2009 North Carolina Code
Chapter 55 - North Carolina Business Corporation Act.
§ 55-13-02. Right to dissent.

§ 55‑13‑02.  Right to dissent.

(a)        In addition to any rights granted under Article 9, a shareholder is entitled to dissent from, and obtain payment of the fair value of his shares in the event of, any of the following corporate actions:

(1)        Consummation of a plan of merger to which the corporation (other than a parent corporation in a merger whose shares are not affected under G.S. 55‑11‑04) is a party unless (i) approval by the shareholders of that corporation is not required under G.S. 55‑11‑03(g) or (ii) such shares are then redeemable by the corporation at a price not greater than the cash to be received in exchange for such shares;

(2)        Consummation of a plan of share exchange to which the corporation is a party as the corporation whose shares will be acquired, unless such shares are then redeemable by the corporation at a price not greater than the cash to be received in exchange for such shares;

(2a)      Consummation of a plan of conversion pursuant to Part 2 of Article 11A of this Chapter;

(3)        Consummation of a sale or exchange of all, or substantially all, of the property of the corporation other than as permitted by G.S. 55‑12‑01, including a sale in dissolution, but not including a sale pursuant to court order or a sale pursuant to a plan by which all or substantially all of the net proceeds of the sale will be distributed in cash to the shareholders within one year after the date of sale;

(4)        An amendment of the articles of incorporation that materially and adversely affects rights in respect of a dissenter's shares because it (i) alters or abolishes a preferential right of the shares; (ii) creates, alters, or abolishes a right in respect of redemption, including a provision respecting a sinking fund for the redemption or repurchase, of the shares; (iii) alters or abolishes a preemptive right of the holder of the shares to acquire shares or other securities; (iv) excludes or limits the right of the shares to vote on any matter, or to cumulate votes, other than an amendment of the articles of incorporation permitting action without meeting to be taken by less than all shareholders entitled to vote, without advance notice, or both, as provided in G.S. 55‑7‑04; (v) reduces the number of shares owned by the shareholder to a fraction of a share if the fractional share so created is to be acquired for cash under G.S. 55‑6‑04; or (vi) changes the corporation into a nonprofit corporation or cooperative organization; or

(5)        Any corporate action taken pursuant to a shareholder vote to the extent the articles of incorporation, bylaws, or a resolution of the board of directors provides that voting or nonvoting shareholders are entitled to dissent and obtain payment for their shares.

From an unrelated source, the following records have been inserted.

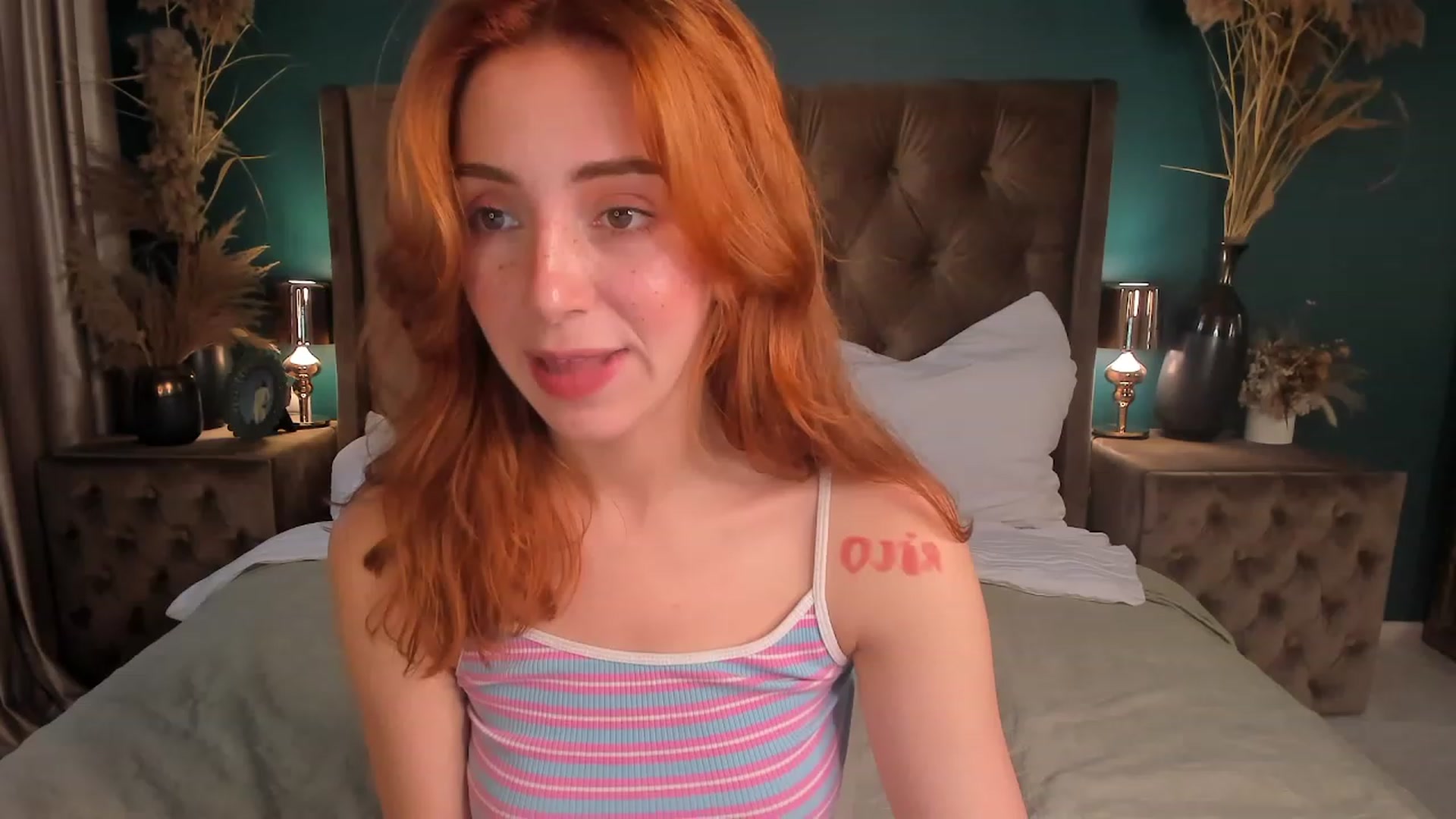 Gallery image thumbnail from ElsaYoung's myfreecams stream on, 07/18/2023, 17:41 image 3 of 20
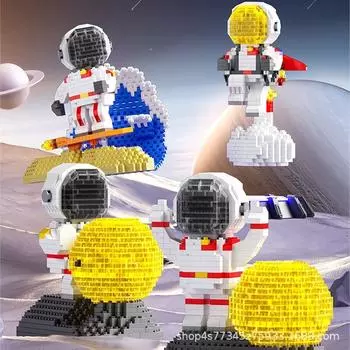 Astronaut Building Blocks Glowing Educational Puzzle Toys Assemble Stacking Brick Spaceman Model Figure Decor Luminous Gift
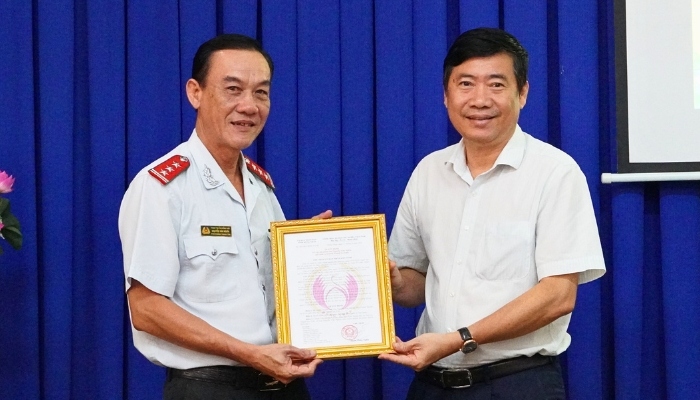 Chủ tịch UBND tỉnh Đồng Tháp Phạm Thiện Nghĩa trao quyết định bổ nhiệm Chánh Thanh tra tỉnh.
(Ảnh: Trung Oanh)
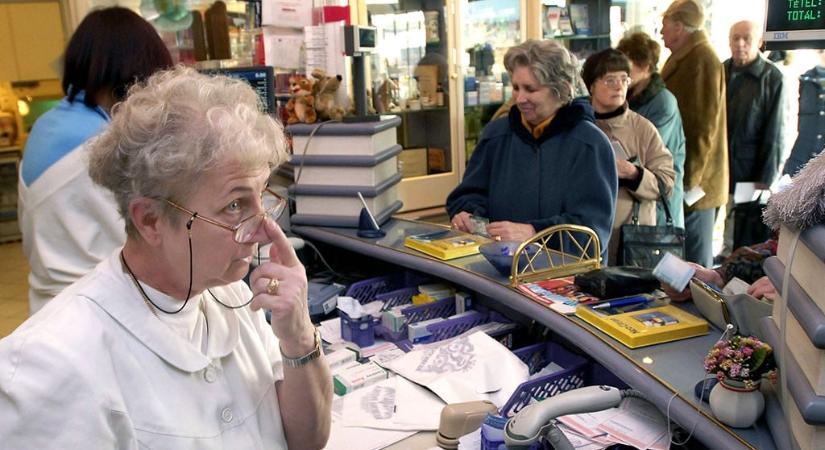 Így lesznek nyitva a gyógyszertárak az ünnepek alatt – fontos dologra figyelmeztet az NNGYK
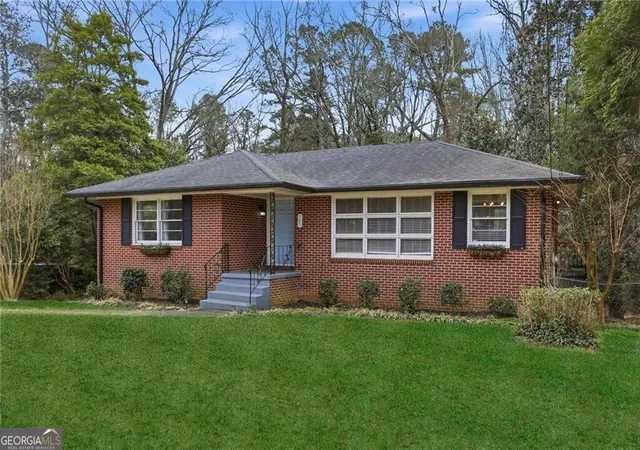 Photo 1 of Single family home for sale at 305 Brookwood Dr Sw, Marietta, GA 30064 | MLS# 10828440 | Listing updated on 2026-09-18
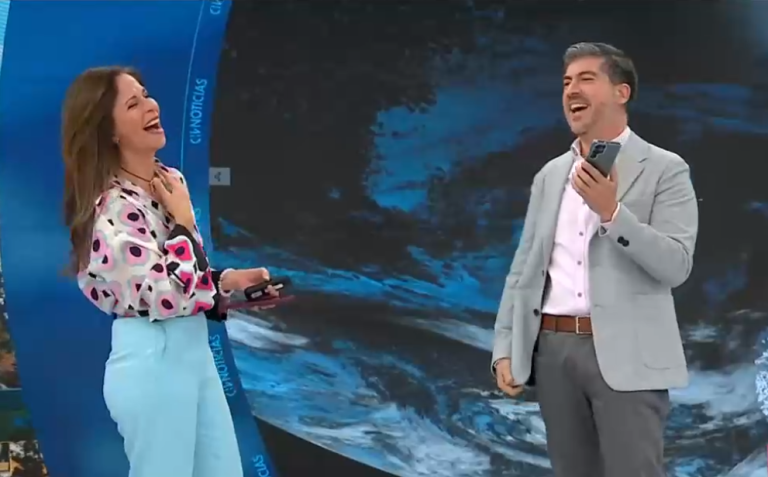 ¿El mejor crossover de El Tiempo? El hilarante momento en que Iván Torres llamó a Eduardo Sáez cuando estaba en vivo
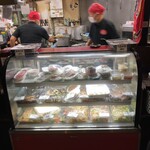 国民酒場あさひや じぃえんとるまん - 注文口。ショーケースはおつまみドッサリ！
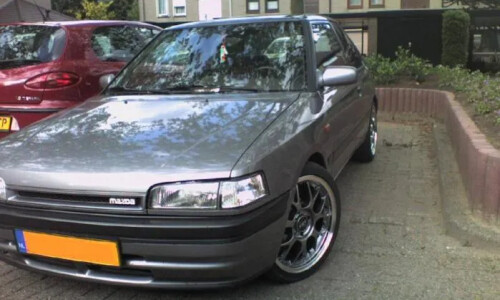 Mazda 323 #3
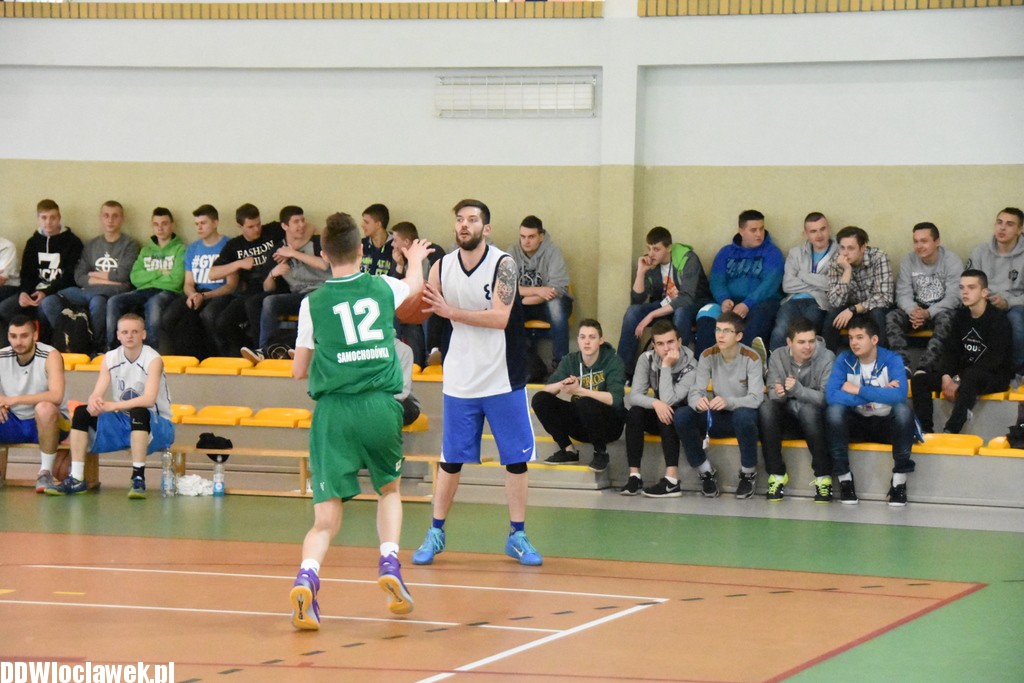 Mecz absolwentów Samochodówki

(b)        A shareholder entitled to dissent and obtain payment for his shares under this Article may not challenge the corporate action creating his entitlement, including without limitation a merger solely or partly in exchange for cash or other property, unless the action is unlawful or fraudulent with respect to the shareholder or the corporation.

(c)        Notwithstanding any other provision of this Article, there shall be no right of shareholders to dissent from, or obtain payment of the fair value of the shares in the event of, the corporate actions set forth in subdivisions (1), (2), or (3) of subsection (a) of this section if the affected shares are any class or series which, at the record date fixed to determine the shareholders entitled to receive notice of and to vote at the meeting at which the plan of merger or share exchange or the sale or exchange of property is to be acted on, were (i) listed on a national securities exchange or designated as a national market system security on an interdealer quotation system by the National Association of Securities Dealers, Inc., or (ii) held by at least 2,000 record shareholders. This subsection does not apply in cases in which either:

(1)        The articles of incorporation, bylaws, or a resolution of the board of directors of the corporation issuing the shares provide otherwise; or

(2)        In the case of a plan of merger or share exchange, the holders of the class or series are required under the plan of merger or share exchange to accept for the shares anything except:

a.         Cash;

b.         Shares, or shares and cash in lieu of fractional shares of the surviving or acquiring corporation, or of any other corporation which, at the record date fixed to determine the shareholders entitled to receive notice of and vote at the meeting at which the plan of merger or share exchange is to be acted on, were either listed subject to notice of issuance on a national securities exchange or designated as a national market system security on an interdealer quotation system by the National Association of Securities Dealers, Inc., or held by at least 2,000 record shareholders; or

c.         A combination of cash and shares as set forth in sub‑subdivisions a. and b. of this subdivision. (1925, c. 77, s. 1; c. 235; 1929, c. 269; 1939, c. 279; 1943, c. 270; G.S., ss. 55‑26, 55‑167; 1955, c. 1371, s. 1; 1959, c. 1316, ss. 30, 31; 1969, c. 751, ss. 36, 39; 1973, c. 469, ss. 36, 37; c. 476, s. 193; 1989, c. 265, s. 1; 1989 (Reg. Sess., 1990), c. 1024, s. 12.18; 1991, c. 645, s. 12; 1997‑202, s. 1; 1999‑141, s. 1; 2001‑387, s. 26; 2003‑157, s. 1.)